Brief:
How many of the lines below hold "Used"? Only the number, please.

##########

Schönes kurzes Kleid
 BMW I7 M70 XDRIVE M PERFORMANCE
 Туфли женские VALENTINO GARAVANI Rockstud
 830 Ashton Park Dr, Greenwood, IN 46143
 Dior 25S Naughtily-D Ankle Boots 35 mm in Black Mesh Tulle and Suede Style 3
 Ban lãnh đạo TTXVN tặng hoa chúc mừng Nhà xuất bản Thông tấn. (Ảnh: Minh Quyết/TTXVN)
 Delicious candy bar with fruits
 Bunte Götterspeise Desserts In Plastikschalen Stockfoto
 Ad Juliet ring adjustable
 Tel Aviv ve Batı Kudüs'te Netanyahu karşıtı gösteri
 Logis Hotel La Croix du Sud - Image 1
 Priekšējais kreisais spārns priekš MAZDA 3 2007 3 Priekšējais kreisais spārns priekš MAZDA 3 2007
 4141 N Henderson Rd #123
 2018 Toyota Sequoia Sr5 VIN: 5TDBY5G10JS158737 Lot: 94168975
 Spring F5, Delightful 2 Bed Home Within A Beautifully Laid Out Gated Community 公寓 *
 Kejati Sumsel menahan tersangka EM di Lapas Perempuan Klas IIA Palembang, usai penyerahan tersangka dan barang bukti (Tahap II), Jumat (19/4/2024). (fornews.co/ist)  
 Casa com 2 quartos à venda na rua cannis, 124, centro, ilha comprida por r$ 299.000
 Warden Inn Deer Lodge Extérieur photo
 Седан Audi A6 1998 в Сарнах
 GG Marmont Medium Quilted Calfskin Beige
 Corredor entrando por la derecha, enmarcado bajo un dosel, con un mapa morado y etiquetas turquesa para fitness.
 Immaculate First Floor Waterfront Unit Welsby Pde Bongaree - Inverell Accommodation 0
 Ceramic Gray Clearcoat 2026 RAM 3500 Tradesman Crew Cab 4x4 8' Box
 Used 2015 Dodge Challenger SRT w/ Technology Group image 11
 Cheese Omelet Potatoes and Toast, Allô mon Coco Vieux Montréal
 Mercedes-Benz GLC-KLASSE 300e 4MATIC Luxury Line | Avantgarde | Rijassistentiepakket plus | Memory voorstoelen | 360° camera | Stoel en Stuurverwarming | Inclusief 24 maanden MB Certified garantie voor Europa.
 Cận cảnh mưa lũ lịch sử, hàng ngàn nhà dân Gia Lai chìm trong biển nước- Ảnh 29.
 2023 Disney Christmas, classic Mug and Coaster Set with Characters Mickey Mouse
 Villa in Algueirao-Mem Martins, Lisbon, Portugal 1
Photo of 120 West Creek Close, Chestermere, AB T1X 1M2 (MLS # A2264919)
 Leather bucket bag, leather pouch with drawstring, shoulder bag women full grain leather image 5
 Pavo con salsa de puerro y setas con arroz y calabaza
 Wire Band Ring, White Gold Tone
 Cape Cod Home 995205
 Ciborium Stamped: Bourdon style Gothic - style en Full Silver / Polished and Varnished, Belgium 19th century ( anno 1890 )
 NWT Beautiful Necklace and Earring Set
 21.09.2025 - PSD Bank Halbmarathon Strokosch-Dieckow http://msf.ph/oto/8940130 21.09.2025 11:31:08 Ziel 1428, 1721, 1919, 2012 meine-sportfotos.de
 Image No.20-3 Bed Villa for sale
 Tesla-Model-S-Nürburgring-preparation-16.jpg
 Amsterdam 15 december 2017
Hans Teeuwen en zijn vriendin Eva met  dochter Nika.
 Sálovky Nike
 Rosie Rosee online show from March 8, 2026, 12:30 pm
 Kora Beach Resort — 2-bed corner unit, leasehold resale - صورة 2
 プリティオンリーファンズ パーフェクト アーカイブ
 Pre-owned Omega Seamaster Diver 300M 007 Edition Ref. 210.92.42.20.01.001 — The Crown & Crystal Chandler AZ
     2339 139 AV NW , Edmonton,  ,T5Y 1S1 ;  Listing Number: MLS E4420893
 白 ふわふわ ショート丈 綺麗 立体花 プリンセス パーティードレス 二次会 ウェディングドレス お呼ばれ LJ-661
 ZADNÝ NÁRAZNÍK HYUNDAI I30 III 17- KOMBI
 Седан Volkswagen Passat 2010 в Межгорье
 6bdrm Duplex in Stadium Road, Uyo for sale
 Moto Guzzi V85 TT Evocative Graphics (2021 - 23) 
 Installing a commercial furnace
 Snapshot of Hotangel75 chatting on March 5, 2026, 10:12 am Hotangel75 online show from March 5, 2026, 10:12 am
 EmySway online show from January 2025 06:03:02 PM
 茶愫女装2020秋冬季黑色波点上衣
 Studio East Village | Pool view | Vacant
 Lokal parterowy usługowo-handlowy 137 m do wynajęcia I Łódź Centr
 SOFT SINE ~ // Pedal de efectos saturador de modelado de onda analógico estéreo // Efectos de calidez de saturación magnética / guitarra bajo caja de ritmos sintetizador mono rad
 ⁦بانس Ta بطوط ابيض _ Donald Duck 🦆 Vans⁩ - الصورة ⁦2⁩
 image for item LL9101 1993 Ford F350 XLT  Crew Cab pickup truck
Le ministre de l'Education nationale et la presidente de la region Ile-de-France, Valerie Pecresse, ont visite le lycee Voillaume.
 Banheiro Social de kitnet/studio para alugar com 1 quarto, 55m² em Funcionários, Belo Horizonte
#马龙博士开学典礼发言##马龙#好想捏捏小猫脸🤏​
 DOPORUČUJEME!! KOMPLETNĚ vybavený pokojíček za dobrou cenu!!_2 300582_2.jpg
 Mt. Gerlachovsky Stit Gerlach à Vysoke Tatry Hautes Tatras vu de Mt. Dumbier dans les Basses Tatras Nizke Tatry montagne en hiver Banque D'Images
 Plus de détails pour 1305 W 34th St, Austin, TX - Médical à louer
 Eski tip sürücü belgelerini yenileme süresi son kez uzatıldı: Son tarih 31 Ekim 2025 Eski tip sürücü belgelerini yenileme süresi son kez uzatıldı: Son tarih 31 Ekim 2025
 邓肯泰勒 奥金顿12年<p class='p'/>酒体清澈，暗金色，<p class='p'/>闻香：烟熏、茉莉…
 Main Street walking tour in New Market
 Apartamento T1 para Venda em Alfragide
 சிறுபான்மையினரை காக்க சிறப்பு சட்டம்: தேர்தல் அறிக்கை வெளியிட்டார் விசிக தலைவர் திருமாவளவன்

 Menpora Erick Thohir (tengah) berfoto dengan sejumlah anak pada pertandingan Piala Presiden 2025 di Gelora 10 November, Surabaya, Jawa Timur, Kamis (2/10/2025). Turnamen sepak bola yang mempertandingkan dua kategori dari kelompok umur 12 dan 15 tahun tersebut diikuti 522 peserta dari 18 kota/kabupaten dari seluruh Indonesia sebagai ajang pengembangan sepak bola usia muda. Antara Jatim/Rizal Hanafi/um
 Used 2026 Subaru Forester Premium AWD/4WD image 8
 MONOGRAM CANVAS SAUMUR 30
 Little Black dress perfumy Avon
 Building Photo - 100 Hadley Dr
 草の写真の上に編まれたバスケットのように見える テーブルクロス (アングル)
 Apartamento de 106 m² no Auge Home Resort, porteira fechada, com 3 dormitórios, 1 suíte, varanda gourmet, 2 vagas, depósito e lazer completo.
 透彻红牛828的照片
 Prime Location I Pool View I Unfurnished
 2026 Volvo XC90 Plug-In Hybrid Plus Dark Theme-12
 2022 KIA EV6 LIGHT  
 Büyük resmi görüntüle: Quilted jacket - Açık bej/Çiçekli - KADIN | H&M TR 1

##########

Solution for this problem:
2